P/1 – Eu vou pedir para você dar um tempo. Que horas são? Muito bom, essas histórias são muito emblemáticas. Dez para as cinco?
R – Agora eu vou tentar agilizar.
P/1 – Tem que falar um pouquinho de Travessia, não é?
R – Deixa eu falar só de uma turma do Tempo de Avançar?
P/1 – Claro!
R – Pronto. Pode começar?
P/3 – Pode.
R – Então, essa daí é da primeira turma. Aí, a segunda turma veio, essa segunda turma também já era do Tempo de Avançar Fundamental, e veio para mim para o Médio, que foi aquela que tem aquelas senhoras que nós fizemos também campanha e tudo, que está a foto aí. E depois veio uma terceira turma.
P/1 – Em que ano foi isso?
R – Essa terceira turma, 2013, 2014, por aí. Essa terceira turma o município não queria mais dar parceria.
P/1 – 2003.
R – Isso.
P/1 – 2003 a 2004.
R – Isso.
P/1 – Ah, tá!
R – Ele não queria mais a parceria estado e município. Por quê? Porque existia tipo um EJA lá e nesse EJA eles colocavam os professores... Digamos, você não teve oportunidade de estudar, você ia lá, pegava um livro, estudava. Era tipo Logos 2. Aí, voltava para fazer uma prova. Se passou, passou; se não, repetia de novo. Aí, a que não era secretária, mas tinha uma influência, falou: “Não, não quero mais Telecurso aqui’. Aí eu disse: “E eu fico como?” Eu era uma Anexa, não poderia ir para a cidade, para Campos Sales, porque eu estava contratada para trabalhar no Presidente Médici, que era a escola do estado, que tinha sede em Campos Sales. Só que eu ficava trabalhando no distrito, na outra cidade. Ela disse: “Não, você fica aí no EJA”. Eu disse: “Não, mas eu não gosto dessa metodologia”. Ela disse: “Não, pode ficar porque não quero mais Telecurso, não”. Aí, minha supervisora ligou e disse: “Marileusa, tem aluno?” Eu disse: “Tem, tem aluno. E eles querem. Não é justo eles irem trabalhar, pegar um livro, estudar em casa. Vocês têm oportunidade, o município... Não tem escola do estado no município de Salitre e eles têm a oportunidade de ter um Anex e não querem?” Aí ela disse: “Tudo bem, pois vou fazer a matrícula”. E fez. Aí, quando eu cheguei na escola, a mulher disse: “Não tem sala para vocês, não. Se você quiser, vocês vão para uma escola que fica já a caminho de Campos Sales”. Bem distante, tinha que pegar ônibus, tinha dia que ia, tinha dia que não, e eu só com esses alunos. Eu disse: “Não tem condição, não. Eu trabalhava no Anex, por que vocês não providenciam o Anex?” Não tinha condição, não. Falei: “Está bom”. Peguei os alunos, fiquei na praça pública. Sentei em círculo e falei da metodologia. Quando eu sentei também, dava para fazer duas turmas, novamente. Aí eu liguei para a minha supervisora: “Olhe, Ilka, tem aluno para duas turmas”. Ela disse:
“Segura aí que eu estou chegando a qualquer momento”. E esse qualquer momento deu oito dias. Eu dando aula em praça pública, no meio da praça, nós sentados e eu falava da metodologia.
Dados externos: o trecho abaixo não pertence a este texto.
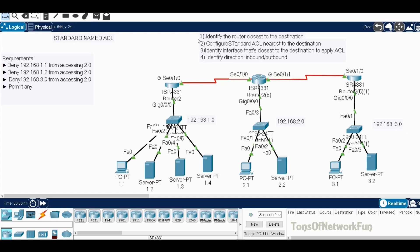First we need to identify the router closest to the destination. Since 2.0 is our destination, the middle router is where we configure the ACL. We also need to figure out the interface to apply it on. The interface closest to the destination is G0/0/0, which is the default gateway interface for the 2.0 network. We'll apply the ACL there as outbound, since traffic is going out toward the 2.0 network.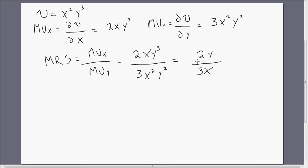Why do we even care about the marginal rate of substitution? Well, it is the absolute value of the slope of the indifference curve. And when a consumer is maximizing utility, the slope of the indifference curve will equal the slope of the budget constraint — so that's one reason why we care about the marginal rate of substitution. It also tells us how many units of good y the consumer is willing to give up for one more unit of good x, holding utility constant.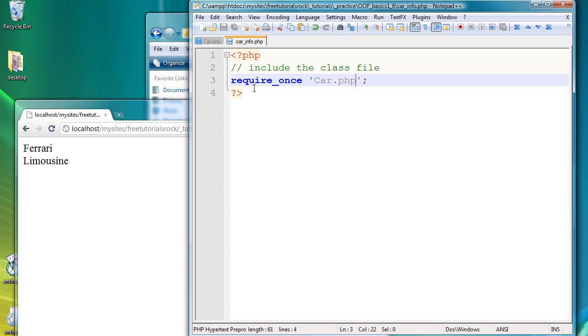And the reason why I'm using require once is because if you define a class two or more times, it basically gives an error. So we just want to avoid that unnecessary mistake and always require once for the class file.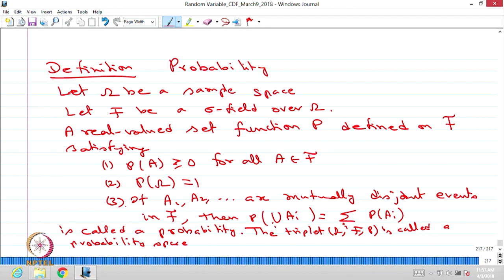This definition is very important. We have a random experiment — that means it is an experiment in which the results are not known in advance. If you collect all possible outcomes of a random experiment, that collection is called the sample space, a non-empty set omega. From omega, we create the sigma field.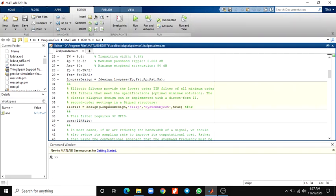Hello everyone. In this video we are going to discuss the design of an efficient IIR polyphase filter. This example shows how to design an IIR polyphase filter.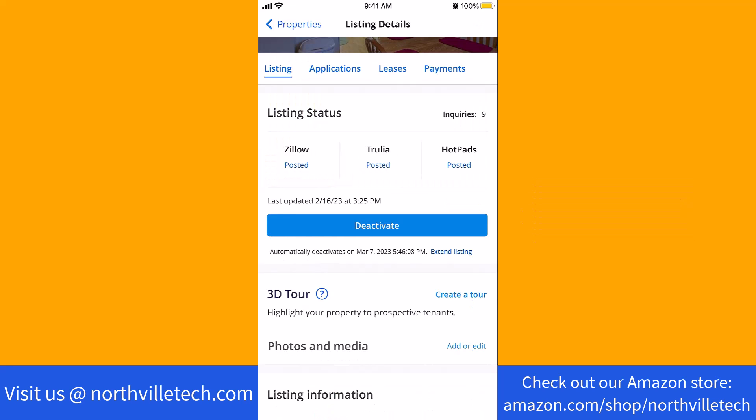Under Listing, you will see a section for Photos and Media. On its right side is an option for Add or Edit. Tap on Add or Edit.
Não passava Teleaula, mas falava da metodologia. Ia falando, interpretação de texto e fazendo uma coisa e outra. Aí ela chegou, sentou também com a gente, a coordenadora, e fez assim: “Não, vou falar com o prefeito”. Aí conseguiu um Anex. E a outra turma foi para essa escola que era distante, com o meu colega. Eu disse: “Mas, colega, como é que você vai para lá? Não tem ninguém para abrir a escola, não tem transporte, tem dia que tem transporte e tem dia que não, como é que vai ficar essa situação? E esses meninos já vêm do sítio, chegam aqui e vão para outro sítio?” Ele disse: “Ó, vou na _0:54:06_ TV”. Passei aquilo na minha cabeça: “Não tem condições, esse menino está faltando aula, não tem condição. Os ônibus vão se desencontrar, vai vir um ônibus do sítio…”. Eu consegui esse Anex, fiquei no Anex. Era um bar de um lado e outro, do outro lado. Quando não conseguia, tinha que ir lá: “Senhor, por favor, tenho que passar teleaula”. Quando estava na metade da teleaula, de novo. Aí está. Eu disse: “Meu Deus…”. Eu me estressei. “Meu Deus, será que eu fiz errado isso?” Aí eles viram que não tinha condição de ficar o outro lá, porque não tinha transporte todo dia, não tinha aula todo dia, aí resolveram arrumar a escola e eu terminei essa turma naquela escola.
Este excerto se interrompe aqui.